RECORDS SUPPLIED:
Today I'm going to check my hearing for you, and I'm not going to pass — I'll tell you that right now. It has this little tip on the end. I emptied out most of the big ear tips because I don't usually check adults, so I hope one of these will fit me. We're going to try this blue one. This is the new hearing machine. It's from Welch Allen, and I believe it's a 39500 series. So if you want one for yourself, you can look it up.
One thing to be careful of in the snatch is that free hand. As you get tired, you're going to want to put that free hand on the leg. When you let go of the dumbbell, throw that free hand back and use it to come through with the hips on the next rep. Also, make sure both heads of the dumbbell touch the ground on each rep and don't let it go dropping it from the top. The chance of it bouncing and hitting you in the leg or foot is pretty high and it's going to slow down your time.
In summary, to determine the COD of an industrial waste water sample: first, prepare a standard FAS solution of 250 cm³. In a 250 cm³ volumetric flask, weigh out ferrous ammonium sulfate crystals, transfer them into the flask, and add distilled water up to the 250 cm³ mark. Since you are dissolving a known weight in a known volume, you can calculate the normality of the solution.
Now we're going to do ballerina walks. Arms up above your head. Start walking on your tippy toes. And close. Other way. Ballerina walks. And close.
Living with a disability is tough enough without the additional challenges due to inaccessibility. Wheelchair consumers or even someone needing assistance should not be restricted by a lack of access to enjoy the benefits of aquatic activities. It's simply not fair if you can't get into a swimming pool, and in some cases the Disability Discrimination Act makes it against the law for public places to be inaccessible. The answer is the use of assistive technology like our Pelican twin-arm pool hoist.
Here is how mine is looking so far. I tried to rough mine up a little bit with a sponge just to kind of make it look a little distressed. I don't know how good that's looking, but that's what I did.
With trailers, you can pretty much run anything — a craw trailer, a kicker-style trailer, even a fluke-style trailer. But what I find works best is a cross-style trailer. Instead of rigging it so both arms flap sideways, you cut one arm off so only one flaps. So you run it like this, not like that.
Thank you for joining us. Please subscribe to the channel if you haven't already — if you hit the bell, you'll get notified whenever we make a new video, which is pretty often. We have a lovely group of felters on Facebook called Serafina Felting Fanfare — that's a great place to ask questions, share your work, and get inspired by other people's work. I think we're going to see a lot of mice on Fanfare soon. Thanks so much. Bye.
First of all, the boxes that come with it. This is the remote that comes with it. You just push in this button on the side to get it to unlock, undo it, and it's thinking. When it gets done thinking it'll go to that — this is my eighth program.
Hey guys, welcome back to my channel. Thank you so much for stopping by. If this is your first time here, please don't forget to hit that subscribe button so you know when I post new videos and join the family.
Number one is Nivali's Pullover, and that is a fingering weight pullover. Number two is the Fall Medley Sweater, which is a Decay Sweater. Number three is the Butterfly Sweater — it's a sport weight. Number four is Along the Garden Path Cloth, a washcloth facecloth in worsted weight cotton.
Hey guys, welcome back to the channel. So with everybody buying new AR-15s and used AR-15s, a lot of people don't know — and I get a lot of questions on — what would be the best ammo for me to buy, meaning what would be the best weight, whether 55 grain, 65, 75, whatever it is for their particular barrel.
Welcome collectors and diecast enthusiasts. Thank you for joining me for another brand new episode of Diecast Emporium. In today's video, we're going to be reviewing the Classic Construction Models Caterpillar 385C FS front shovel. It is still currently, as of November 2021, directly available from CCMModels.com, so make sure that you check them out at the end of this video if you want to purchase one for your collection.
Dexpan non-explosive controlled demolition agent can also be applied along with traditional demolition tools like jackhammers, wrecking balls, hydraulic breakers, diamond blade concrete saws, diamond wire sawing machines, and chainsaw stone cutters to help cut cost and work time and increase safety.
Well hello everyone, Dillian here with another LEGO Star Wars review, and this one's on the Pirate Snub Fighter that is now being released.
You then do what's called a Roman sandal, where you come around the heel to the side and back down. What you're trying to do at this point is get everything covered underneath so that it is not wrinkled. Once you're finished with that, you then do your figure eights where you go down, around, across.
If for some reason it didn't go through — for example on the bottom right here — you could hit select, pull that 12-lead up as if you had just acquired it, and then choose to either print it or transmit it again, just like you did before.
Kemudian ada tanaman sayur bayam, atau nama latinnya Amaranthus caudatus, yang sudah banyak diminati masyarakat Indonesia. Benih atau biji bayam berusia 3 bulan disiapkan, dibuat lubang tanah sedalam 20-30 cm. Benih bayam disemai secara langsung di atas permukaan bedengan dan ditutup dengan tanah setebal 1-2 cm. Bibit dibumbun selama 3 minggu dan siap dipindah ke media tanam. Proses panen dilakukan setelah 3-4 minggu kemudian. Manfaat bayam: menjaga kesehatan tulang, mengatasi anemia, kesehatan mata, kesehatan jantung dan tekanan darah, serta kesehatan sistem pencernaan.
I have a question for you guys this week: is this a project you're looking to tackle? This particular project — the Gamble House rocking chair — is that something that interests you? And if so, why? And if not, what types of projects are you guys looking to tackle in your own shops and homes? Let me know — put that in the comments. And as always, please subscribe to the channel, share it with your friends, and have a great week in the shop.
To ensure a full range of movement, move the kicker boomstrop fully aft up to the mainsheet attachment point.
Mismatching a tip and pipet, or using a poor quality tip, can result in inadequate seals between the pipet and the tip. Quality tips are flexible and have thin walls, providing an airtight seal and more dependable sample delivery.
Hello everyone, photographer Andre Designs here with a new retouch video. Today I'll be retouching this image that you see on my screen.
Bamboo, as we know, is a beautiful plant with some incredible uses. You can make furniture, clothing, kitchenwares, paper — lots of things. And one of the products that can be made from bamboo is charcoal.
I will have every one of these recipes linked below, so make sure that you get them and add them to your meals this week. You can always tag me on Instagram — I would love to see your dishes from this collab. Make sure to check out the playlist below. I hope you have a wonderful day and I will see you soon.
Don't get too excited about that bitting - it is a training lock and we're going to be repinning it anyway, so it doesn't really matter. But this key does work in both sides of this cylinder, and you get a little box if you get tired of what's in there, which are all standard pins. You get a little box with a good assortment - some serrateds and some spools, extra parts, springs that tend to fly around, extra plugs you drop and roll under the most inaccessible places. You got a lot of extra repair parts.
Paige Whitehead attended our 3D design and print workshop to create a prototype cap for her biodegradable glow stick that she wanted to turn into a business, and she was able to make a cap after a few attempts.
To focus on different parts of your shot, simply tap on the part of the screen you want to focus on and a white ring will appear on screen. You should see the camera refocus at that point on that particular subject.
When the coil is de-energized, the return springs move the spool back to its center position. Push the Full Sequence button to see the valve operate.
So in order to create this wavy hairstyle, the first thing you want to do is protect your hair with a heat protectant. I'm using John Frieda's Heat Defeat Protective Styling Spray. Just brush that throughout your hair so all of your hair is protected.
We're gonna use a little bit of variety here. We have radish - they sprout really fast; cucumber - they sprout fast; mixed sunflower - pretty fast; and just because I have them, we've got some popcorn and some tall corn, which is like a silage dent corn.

ACTION ITEM:
What are the lines of the data above that include the string "kicker"? Copy them.

TASK RESPONSE:
With trailers, you can pretty much run anything — a craw trailer, a kicker-style trailer, even a fluke-style trailer. But what I find works best is a cross-style trailer. Instead of rigging it so both arms flap sideways, you cut one arm off so only one flaps. So you run it like this, not like that.
To ensure a full range of movement, move the kicker boomstrop fully aft up to the mainsheet attachment point.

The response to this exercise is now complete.